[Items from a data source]
↓↓↓

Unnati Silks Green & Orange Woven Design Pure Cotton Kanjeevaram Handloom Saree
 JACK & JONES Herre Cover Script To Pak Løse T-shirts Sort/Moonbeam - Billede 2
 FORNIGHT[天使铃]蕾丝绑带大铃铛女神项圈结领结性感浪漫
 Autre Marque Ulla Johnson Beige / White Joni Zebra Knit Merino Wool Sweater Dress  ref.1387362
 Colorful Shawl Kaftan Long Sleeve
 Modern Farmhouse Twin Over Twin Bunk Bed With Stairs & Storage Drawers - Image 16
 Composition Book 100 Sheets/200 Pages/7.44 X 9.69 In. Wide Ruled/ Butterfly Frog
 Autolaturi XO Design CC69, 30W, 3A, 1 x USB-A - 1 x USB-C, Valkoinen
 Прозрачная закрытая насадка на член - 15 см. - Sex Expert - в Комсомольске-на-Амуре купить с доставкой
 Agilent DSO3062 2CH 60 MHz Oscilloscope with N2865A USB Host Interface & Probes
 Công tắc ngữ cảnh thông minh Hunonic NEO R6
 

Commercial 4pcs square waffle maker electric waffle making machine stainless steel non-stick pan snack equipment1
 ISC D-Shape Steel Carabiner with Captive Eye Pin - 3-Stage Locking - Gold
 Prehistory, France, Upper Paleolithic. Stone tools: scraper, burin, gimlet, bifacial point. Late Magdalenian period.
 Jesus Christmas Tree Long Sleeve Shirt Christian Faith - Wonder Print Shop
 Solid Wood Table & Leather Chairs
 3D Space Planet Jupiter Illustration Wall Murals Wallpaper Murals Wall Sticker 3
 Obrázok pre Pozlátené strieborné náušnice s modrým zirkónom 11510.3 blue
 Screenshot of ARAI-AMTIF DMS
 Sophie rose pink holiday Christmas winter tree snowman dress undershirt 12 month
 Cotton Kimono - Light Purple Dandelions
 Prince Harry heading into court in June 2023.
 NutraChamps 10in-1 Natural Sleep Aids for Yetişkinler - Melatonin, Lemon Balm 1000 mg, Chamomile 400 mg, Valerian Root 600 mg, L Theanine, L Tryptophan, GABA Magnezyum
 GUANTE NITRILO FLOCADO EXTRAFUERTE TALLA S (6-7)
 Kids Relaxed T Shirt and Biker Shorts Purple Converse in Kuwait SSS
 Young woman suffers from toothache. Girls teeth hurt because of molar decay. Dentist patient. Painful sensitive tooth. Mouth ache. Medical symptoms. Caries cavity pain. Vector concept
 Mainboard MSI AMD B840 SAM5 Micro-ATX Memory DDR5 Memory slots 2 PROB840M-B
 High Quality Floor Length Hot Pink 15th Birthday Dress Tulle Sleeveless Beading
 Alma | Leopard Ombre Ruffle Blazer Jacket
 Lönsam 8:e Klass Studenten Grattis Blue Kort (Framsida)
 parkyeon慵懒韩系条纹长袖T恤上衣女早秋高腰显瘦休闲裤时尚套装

↑↑↑

> PROBLEM TO WORK ON: Print exactly the lines above, between the one holding "Obrázok pre Pozlátené" and the one holding "Prince Harry heading", inclusive, and nothing besides.

> EXERCISE RESULT:
 Obrázok pre Pozlátené strieborné náušnice s modrým zirkónom 11510.3 blue
 Screenshot of ARAI-AMTIF DMS
 Sophie rose pink holiday Christmas winter tree snowman dress undershirt 12 month
 Cotton Kimono - Light Purple Dandelions
 Prince Harry heading into court in June 2023.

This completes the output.